和歌山南漁協(本所・和歌山県田辺市)が白浜町から補助金などを不正受給していた問題を巡り、町は19日、漁協から約2118万円を返納したいとの申し出があり、これを受諾する方針を明らかにした。漁協は2020年から10年かけて返納するという。

 漁協が返納を申し出たのは、19年度までに日置、白浜両支所分として町から交付を受けたうち、漁業振興助成金の計1857万円と、13年度分の水産業施設改修事業補助金の261万円。不当利得の返還請求権を過去10年間と定める民法の規定を踏まえたという。

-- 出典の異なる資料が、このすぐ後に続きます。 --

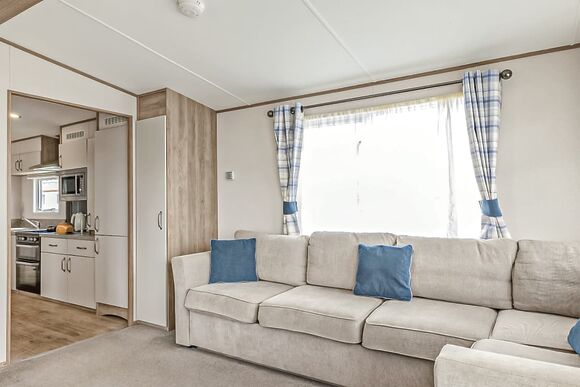 Gold Accessible with parking - Breydon Water, Burgh Castle, Nr Gt Yarmouth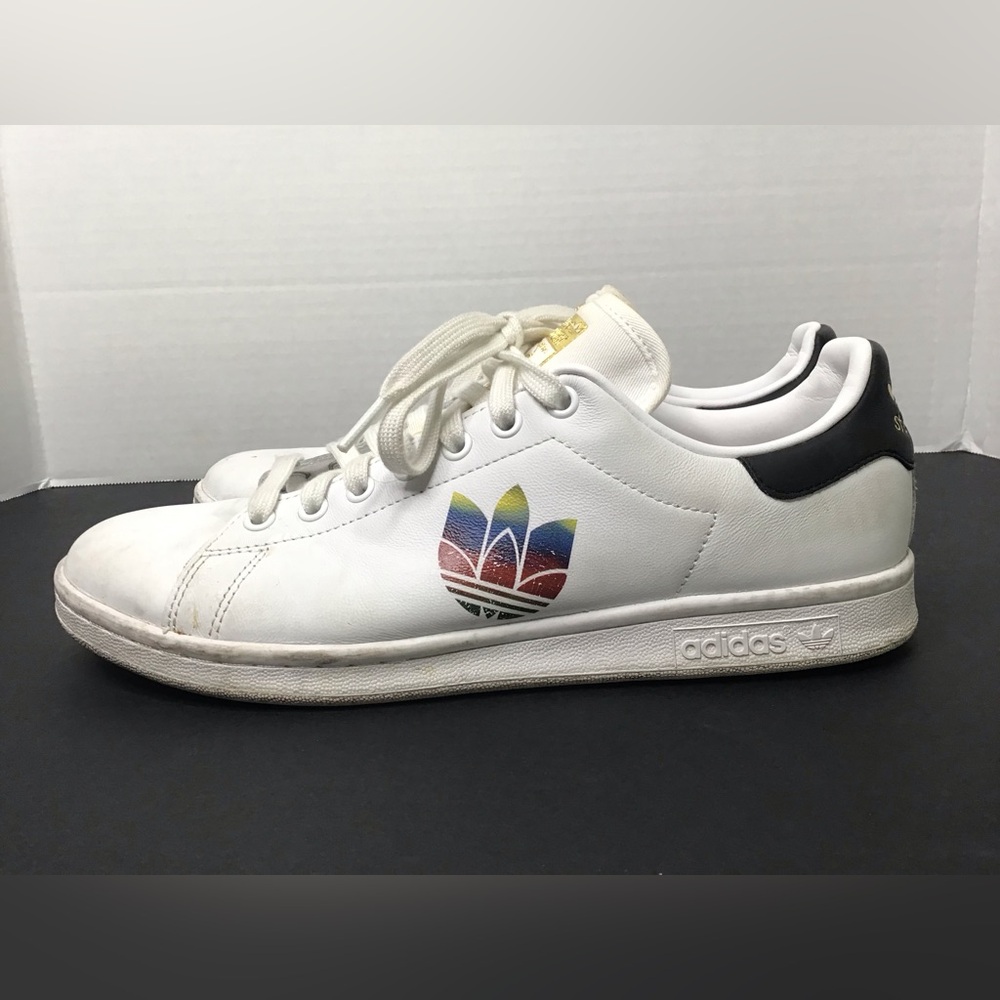 Adidas Originals Stan Smith Mens Size 10.5 White Trefoil Athletic Sneakers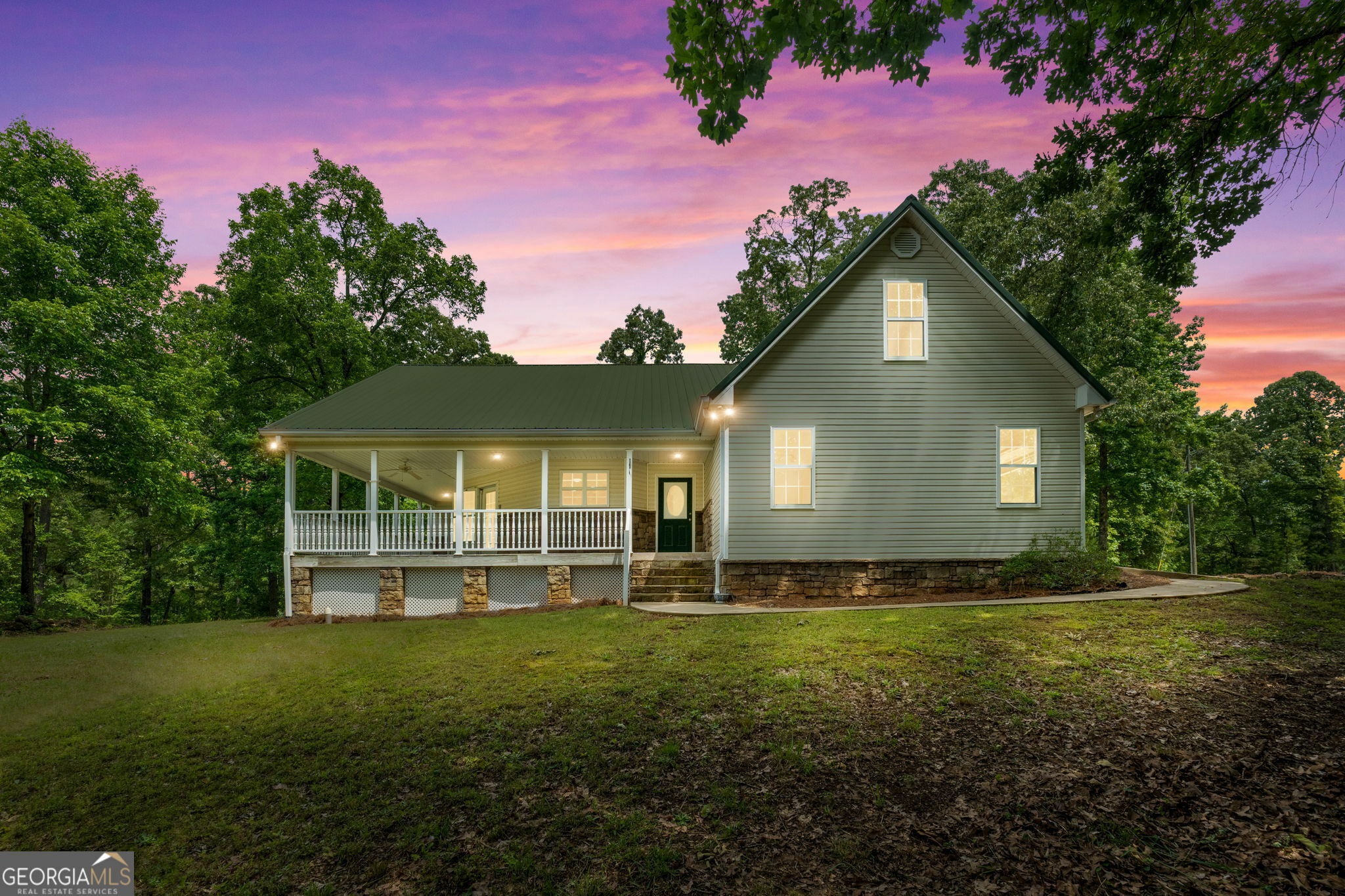 Property Photo: 204 Lunsford Road GA 30233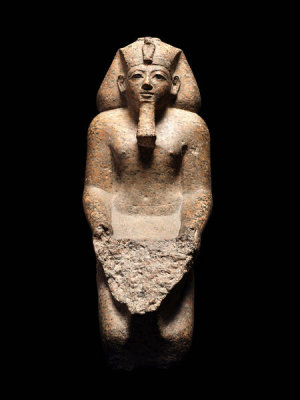 Egypt, New Kingdom - Kneeling statue of Queen Hatshepsut, Dynasty 18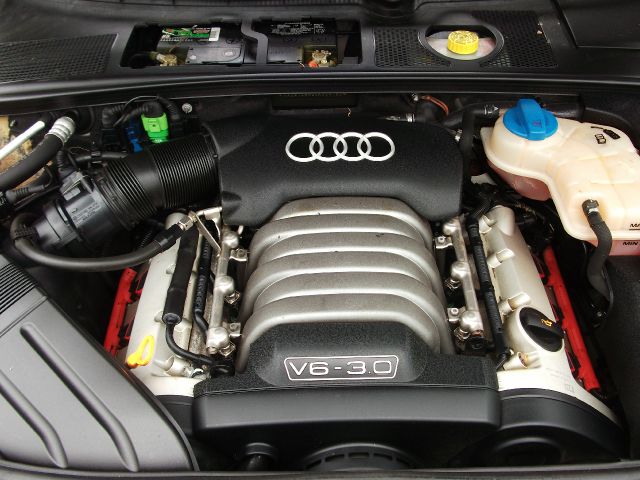 Audi A4 2004 photo 1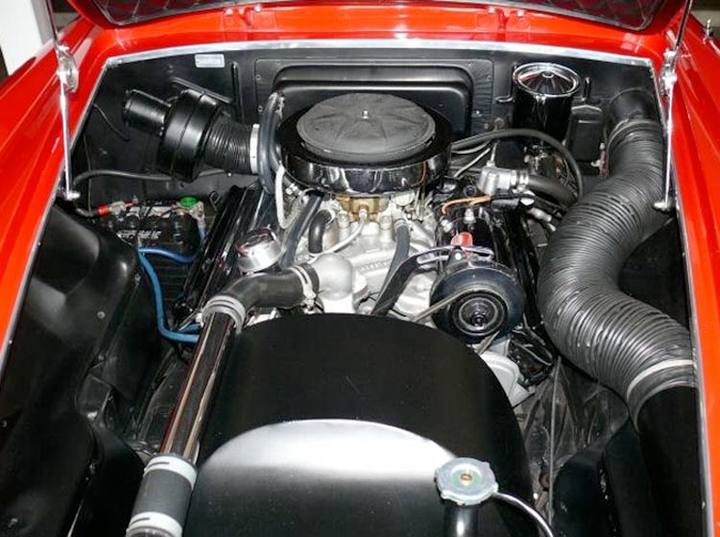 Den 321 cu.in. stora HEMI V8-motorn var imponerande för sin tid.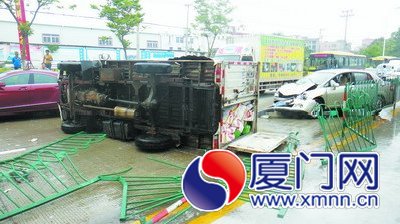 貨車失控側(cè)翻擋道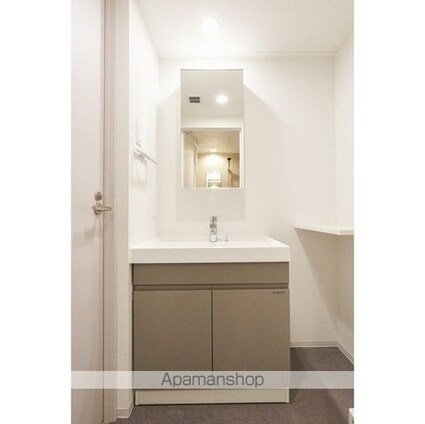 コンフォリア・リヴ渋谷本町[1LDK/30.29m2]の洗面所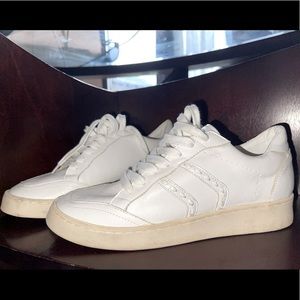 White Raven boutique white leather shoes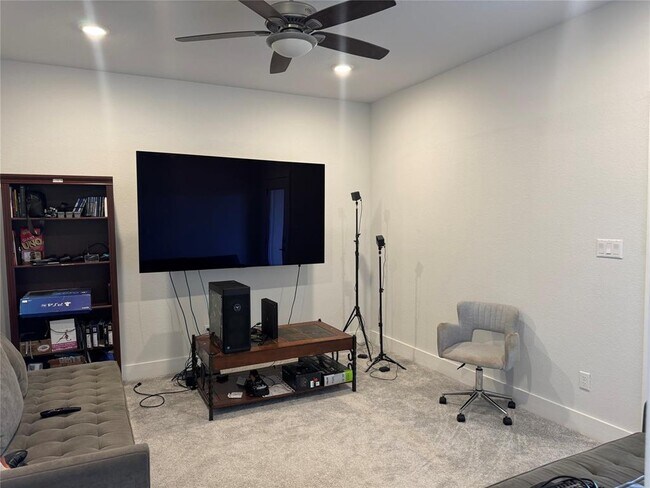 Building Photo - 169 Sunny's Halo Ct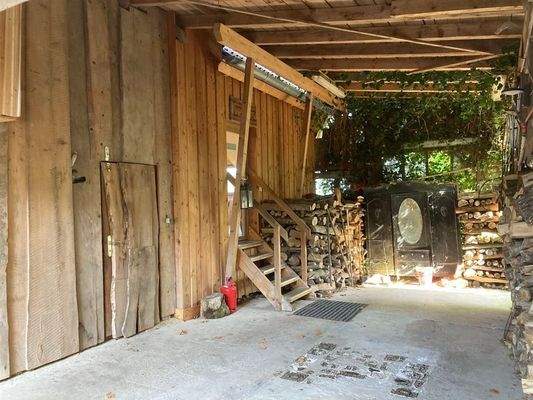 Carport mit Zugang zum Anbau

 町によると、2月25日付の文書で打診があった。漁協は10年という時間をかけて返納する理由について「組合経営を鑑みたとき、直ちに(全額を)返納することは非常に困難な状況」とした。
 漁業振興助成金を受給する際、漁協は事実と異なる写真や領収書を添付していた。13年度の水産業施設改修事業補助金は、漁協がクレーン車の購入に充てた分。同町椿の組合員らによる任意団体(解散)が使っていたが、その後、売却。漁協はこの返還の理由を「購入目的と異なる使用」だったとしている。
 一連の問題を巡っては、漁協は19年2月、町が不正と判断した水産増殖事業費補助金の分として約574万円を返納している。今回の約2118万円の返納が完了すると、虚偽申請で受給した分と実際額との差額は事実上、解消することになる。
 和歌山南漁協を巡っては、田辺市も5千万円超の公金の不正支出があったとする報告をまとめている。